Tutto questo testimonia come progettare materiali stampabili in 3d adeguati per la sartoria, che si muovono in sintonia con il corpo, è il challenge del futuro, e l’esito renderebbe estremamente allettante la digital fabrication alle grandi corporazioni della moda mondiale. Un caso interessante in questo senso è quello di Aaron Rowley, che nel 2013 ha cofondato Electroloom, lanciato su Kickstarter come progetto per fabbricare tessuti stampati in 3d, ricevendo l’attenzione di molti brand operanti nella moda.
Cosa ci riserva il futuro? L’unione tra migliaia di anni di esperienza riguardante i metodi di tessitura e cucitura tradizionali per produrre vestiti indossabili e resistenti e l’imprenditorialità che cerca di forzare i limiti del tessuto per spingerli verso nuove prestazioni finora solo immaginate potrebbe regalarci molte sorprese. C’è ancora molto potenziale inesplorato.
Come sappiamo il tessuto tradizionale è essenzialmente bidimensionale: i fili sono allineati orizzontalmente e verticalmente, incrociati per formare una tessitura. I tessuti tridimensionali cercano di oltrepassare questo limite, la cui interconnessione è permessa grazie alla stampa 3d.
Un tessuto che si apre al terzo asse, l’asse Z, è un tessuto più traspirante e teoricamente anche più flessibile. Inoltre si abbatte il concetto di piega.
Naturalmente la sfida principale, nell’ambito dei vestiti stampati in 3d, è quella che investe lo studio dei materiali. Il limite di queste eleganti strutture è infatti la rigidità del materiale stesso, composto da polimeri, che di fatto limita i movimenti di chi indossa l’abito. Quando una stampante 3d fonde uno strato sull’altro lega in modo indissolubile il materiale: in un tessuto reale invece le fibre si muovono e “scivolano” l’una sull’altra. Per adesso nella stampa 3d per la sartoria si tenta di bypassare questo limite studiando forme geometriche atte ad agevolare il movimento dei moduli.

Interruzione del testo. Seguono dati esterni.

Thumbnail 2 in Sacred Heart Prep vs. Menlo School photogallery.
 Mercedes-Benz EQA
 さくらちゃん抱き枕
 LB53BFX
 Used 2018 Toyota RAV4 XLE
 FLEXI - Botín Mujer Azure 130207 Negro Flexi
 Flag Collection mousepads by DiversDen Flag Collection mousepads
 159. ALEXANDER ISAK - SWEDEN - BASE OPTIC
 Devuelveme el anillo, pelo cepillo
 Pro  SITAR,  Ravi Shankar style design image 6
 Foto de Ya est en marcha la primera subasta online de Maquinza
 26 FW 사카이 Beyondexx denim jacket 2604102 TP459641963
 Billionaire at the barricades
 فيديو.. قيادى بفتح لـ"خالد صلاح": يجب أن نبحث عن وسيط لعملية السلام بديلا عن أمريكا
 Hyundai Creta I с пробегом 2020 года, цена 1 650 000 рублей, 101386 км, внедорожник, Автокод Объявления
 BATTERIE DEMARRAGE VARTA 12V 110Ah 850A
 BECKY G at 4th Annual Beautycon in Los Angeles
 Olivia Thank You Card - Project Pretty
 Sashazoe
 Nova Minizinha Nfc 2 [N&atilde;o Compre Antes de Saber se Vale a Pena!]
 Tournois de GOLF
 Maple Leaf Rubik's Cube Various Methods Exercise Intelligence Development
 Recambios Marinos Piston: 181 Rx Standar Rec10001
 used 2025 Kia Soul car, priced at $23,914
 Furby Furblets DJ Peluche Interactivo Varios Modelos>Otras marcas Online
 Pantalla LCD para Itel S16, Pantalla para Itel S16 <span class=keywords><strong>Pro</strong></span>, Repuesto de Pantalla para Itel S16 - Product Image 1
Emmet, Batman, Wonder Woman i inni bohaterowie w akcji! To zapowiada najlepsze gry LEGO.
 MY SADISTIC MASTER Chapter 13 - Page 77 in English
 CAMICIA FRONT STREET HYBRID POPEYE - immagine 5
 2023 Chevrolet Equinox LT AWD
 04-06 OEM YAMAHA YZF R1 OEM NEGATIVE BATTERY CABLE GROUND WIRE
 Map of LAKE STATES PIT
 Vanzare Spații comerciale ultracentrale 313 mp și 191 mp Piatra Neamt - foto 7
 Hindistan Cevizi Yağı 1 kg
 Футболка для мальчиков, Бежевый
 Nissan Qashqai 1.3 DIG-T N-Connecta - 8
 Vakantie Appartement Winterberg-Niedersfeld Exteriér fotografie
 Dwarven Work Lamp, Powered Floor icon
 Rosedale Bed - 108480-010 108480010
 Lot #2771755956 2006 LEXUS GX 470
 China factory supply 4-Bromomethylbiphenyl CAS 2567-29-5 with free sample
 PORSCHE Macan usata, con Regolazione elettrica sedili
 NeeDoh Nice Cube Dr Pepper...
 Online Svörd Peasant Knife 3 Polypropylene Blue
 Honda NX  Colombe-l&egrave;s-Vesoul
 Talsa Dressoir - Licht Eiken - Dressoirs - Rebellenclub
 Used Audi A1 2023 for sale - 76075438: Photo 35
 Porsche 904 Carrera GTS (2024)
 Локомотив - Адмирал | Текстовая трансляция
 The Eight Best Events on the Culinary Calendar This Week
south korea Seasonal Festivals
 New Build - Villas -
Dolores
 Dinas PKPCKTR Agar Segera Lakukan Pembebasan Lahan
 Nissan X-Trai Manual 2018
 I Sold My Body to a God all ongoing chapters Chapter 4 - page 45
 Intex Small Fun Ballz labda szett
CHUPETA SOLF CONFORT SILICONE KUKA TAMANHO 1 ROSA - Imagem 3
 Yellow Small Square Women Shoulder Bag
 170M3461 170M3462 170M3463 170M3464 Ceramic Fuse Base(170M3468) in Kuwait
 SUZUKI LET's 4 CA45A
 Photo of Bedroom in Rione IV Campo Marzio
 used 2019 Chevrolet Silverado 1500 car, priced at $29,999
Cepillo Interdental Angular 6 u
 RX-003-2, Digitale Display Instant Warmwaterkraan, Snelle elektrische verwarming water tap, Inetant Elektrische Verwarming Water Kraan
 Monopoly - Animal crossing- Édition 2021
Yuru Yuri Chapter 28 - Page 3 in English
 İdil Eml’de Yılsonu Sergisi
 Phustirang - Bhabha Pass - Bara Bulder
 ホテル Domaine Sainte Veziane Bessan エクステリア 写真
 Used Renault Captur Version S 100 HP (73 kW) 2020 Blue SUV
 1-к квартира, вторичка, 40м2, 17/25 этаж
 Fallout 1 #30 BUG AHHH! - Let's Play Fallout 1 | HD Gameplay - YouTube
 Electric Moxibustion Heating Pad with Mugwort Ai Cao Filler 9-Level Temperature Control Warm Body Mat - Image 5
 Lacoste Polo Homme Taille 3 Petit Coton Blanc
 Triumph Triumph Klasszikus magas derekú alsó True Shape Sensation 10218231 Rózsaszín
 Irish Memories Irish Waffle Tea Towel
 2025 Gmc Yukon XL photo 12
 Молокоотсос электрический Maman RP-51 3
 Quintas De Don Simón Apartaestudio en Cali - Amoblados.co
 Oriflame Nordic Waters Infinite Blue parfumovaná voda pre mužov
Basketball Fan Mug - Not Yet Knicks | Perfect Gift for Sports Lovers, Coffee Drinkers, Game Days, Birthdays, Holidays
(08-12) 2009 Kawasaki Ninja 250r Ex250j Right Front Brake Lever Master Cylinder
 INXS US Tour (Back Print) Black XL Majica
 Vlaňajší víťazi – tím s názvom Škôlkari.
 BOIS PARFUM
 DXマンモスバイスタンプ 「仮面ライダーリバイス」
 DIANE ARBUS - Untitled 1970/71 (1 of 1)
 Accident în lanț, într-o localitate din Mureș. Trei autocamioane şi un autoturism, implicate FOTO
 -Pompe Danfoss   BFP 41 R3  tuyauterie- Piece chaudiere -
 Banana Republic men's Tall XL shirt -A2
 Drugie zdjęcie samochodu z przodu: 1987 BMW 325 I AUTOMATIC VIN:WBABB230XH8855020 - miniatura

Certo è che fino a quando il problema materiale non verrà risolto, gli abiti stampati in 3D continueranno a sembrare più un progetto d’arte che un’applicazione usabile nella vita quotidiana. O potrebbero trovare reali utilizzi come armature contemporanee. La NASA ad esempio sta sviluppando un progetto simile al concept di “Pangolin”: un materiale stampato a piastre 3D per proteggere gli astronauti da contusioni nello spazio.
Lo scenario è aperto, e gli esiti sono molteplici. E’ una partita tutta da giocare, che sicuramente rivoluzionerà il futuro della moda e dell’industria tessile.